» **Activity**:
Repeat every entry exactly. Pictures stay out.

» **Provided information**:
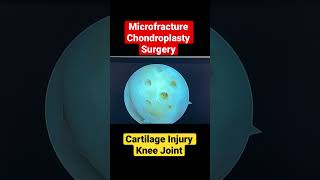 CARTILAGE INJURY KNEE JOINT microfracture chondroplasty surgery  doctor in Jaipur [upl. by Schild]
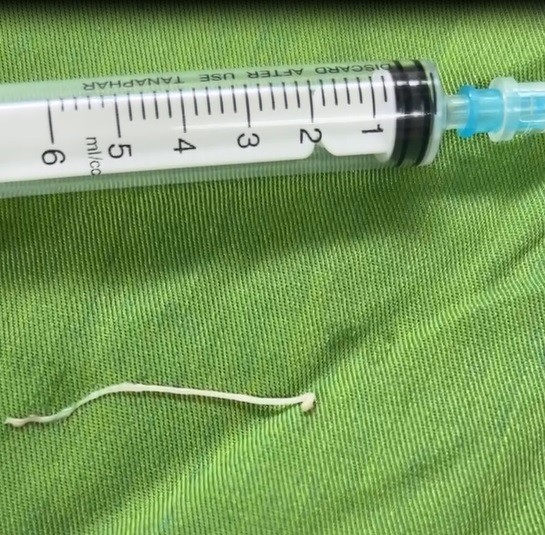 Đau bụng âm ỉ, đến viện bác sĩ gắp ra thứ "đáng sợ" bên trong - Ảnh 1.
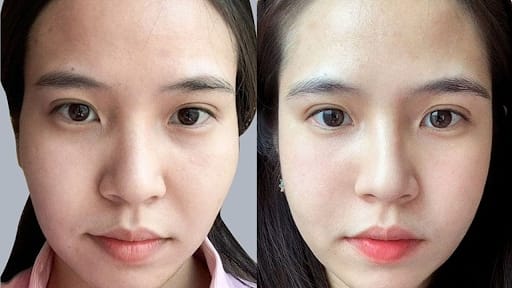 Tiêm filler thái dương có an toàn không?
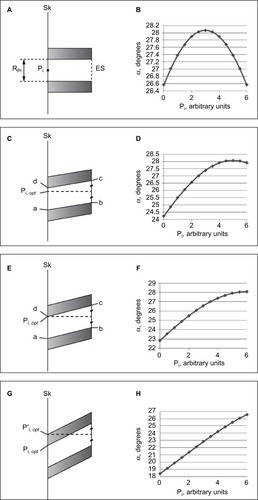 Figure 3 Four sets of two adjacent spinous processes and their corresponding plots are depicted.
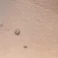 Skin Tags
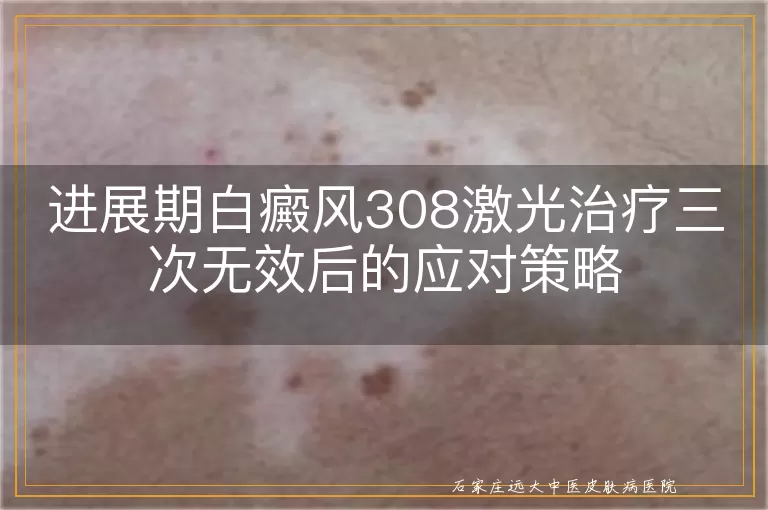 进展期白癜风308激光治疗三次无效后的应对策略
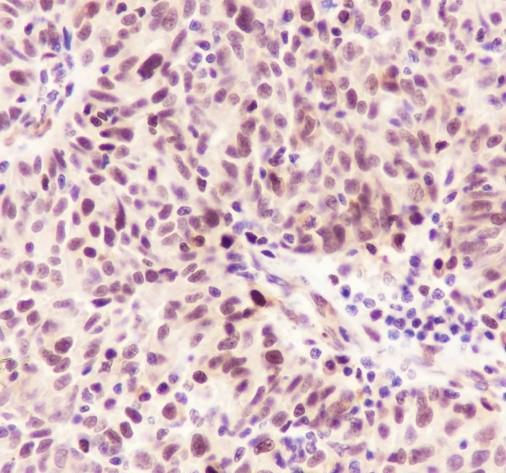 Recombinant FEN1 Monoclonal Antibody - 3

» **Answer space**:
 CARTILAGE INJURY KNEE JOINT microfracture chondroplasty surgery  doctor in Jaipur [upl. by Schild]
 Đau bụng âm ỉ, đến viện bác sĩ gắp ra thứ "đáng sợ" bên trong - Ảnh 1.
 Tiêm filler thái dương có an toàn không?
 Figure 3 Four sets of two adjacent spinous processes and their corresponding plots are depicted.
 Skin Tags
 进展期白癜风308激光治疗三次无效后的应对策略
 Recombinant FEN1 Monoclonal Antibody - 3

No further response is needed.